Perry Touts Effects of Tort Reform on Doctors

Gov. Rick Perry chose a South Texas county that he said had been at the epicenter of the medical malpractice lawsuit "crisis" to commemorate the 10th anniversary of legislation capping how much juries could award plaintiffs.

Perry, speaking at the doctor-owned Doctors Hospital at Renaissance on Monday, said the changes, commonly known as tort reform, expanded access to health care and made Texas an attractive destination for physicians.

"I'm just continually surprised when some people want to argue that tort reform didn't work," Perry said, flanked by doctors in white jackets.

The Texas Medical Association, which lobbies on behalf of doctors, released a survey at the event indicating that doctors believe the state's professional liability climate has improved.

According to the Texas Department of State Health Services, the number of direct care physicians in Texas has increased 24 percent since 2003 to 42,716 in September 2011, while the state's population grew 16 percent during the same period.

The measures passed in 2003 capped the noneconomic damages that could be awarded in medical malpractice lawsuits against doctors at $250,000, among other provisions.

Most affected were high-risk specialties such as neurosurgery.
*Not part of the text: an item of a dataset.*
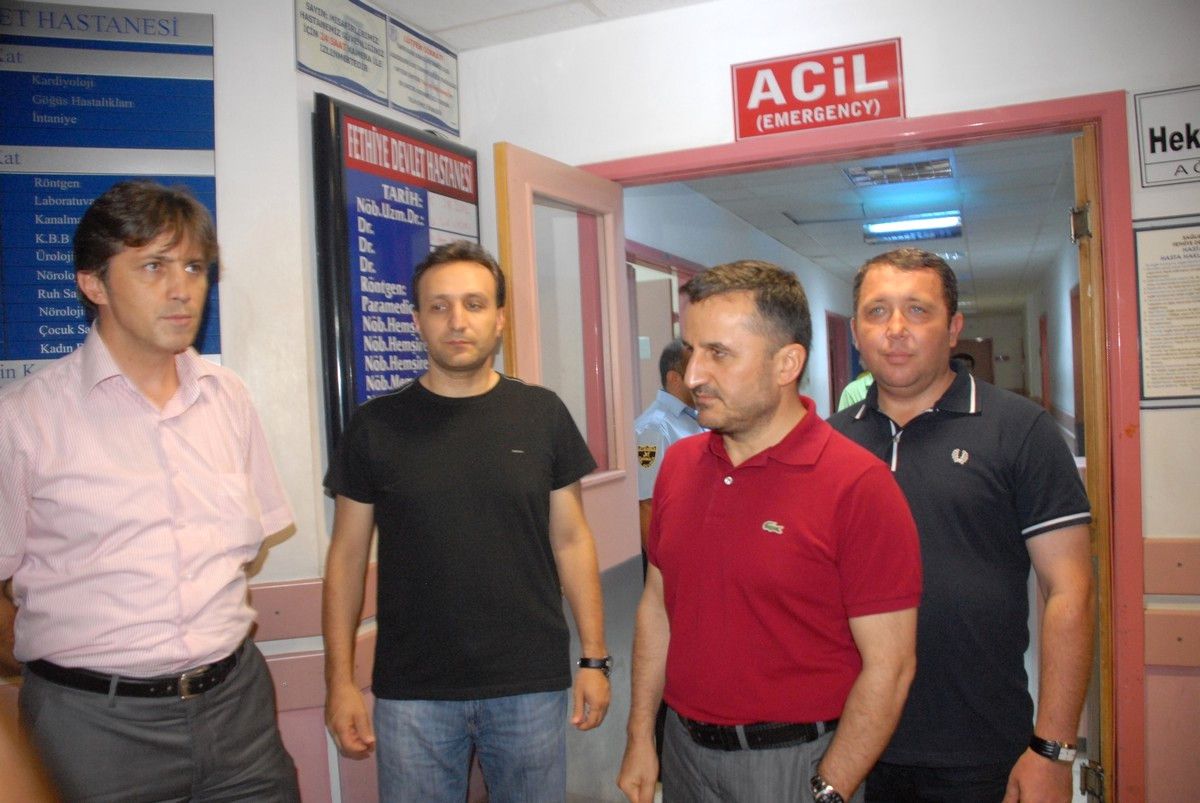 Helikopter Kazasında Hayatını Kaybeden 5 Kişinin Cenazesi Fethiye\'ye Getirildi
Dr. Carlos Cardenas, a gastroenterologist who introduced Perry, said prior to tort reform this area that served almost 1 million people had nearly no neurosurgical coverage.
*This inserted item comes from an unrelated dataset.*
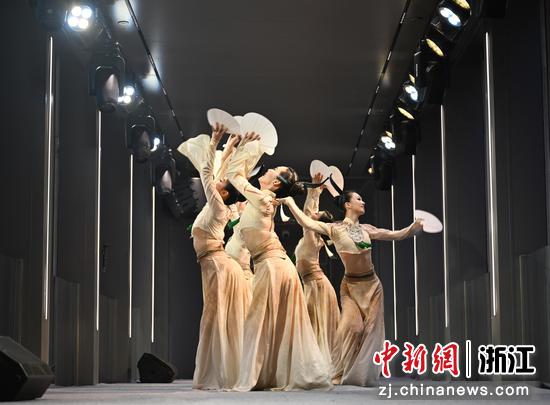 图为：浙大学子随着西子廊桥大屏幕缓缓打开而起舞。中新社记者 王刚 摄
Still, Hidalgo County was an interesting choice for Perry to speak about health care access. The county on the Texas-Mexico border has the highest rate of people without health insurance among urban counties in the entire country at 38.9 percent and Texas has the highest uninsured rate among states, according to the U.S. Census Bureau. State data show that the ratio of population to number of direct care physicians in Hidalgo County was effectively unchanged from 2003 to 2011, the most recent available year.

The state as a whole still has a shortage of primary care physicians and another TMA survey released last year showed that fewer Texas doctors are accepting new patients who are covered by Medicaid or Medicare, the government-run plans for the poor and elderly.
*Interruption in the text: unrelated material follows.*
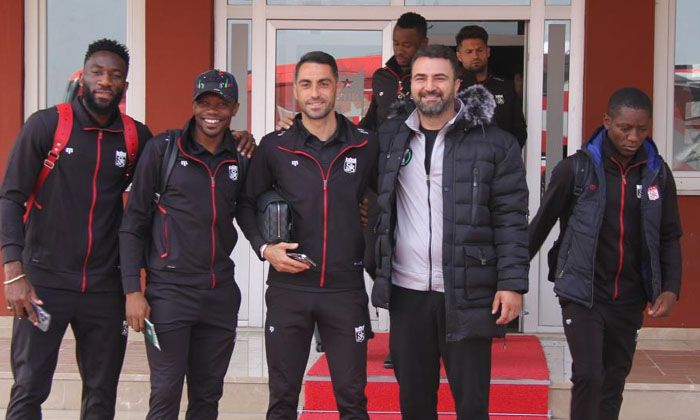 Sivasspor, Fiorentina maçı için İtalya’ya gitti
The number of medical malpractice lawsuits has fallen drastically since tort reform, but attorneys who took those cases say the law made the economics of most cases unworkable. To prove such cases plaintiffs have to hire costly medical experts.

"The volume of people that we have a chance to listen to has not gone down, but the number of cases that we take obviously has dropped significantly," said Jay Harvey, a personal injury attorney in Austin.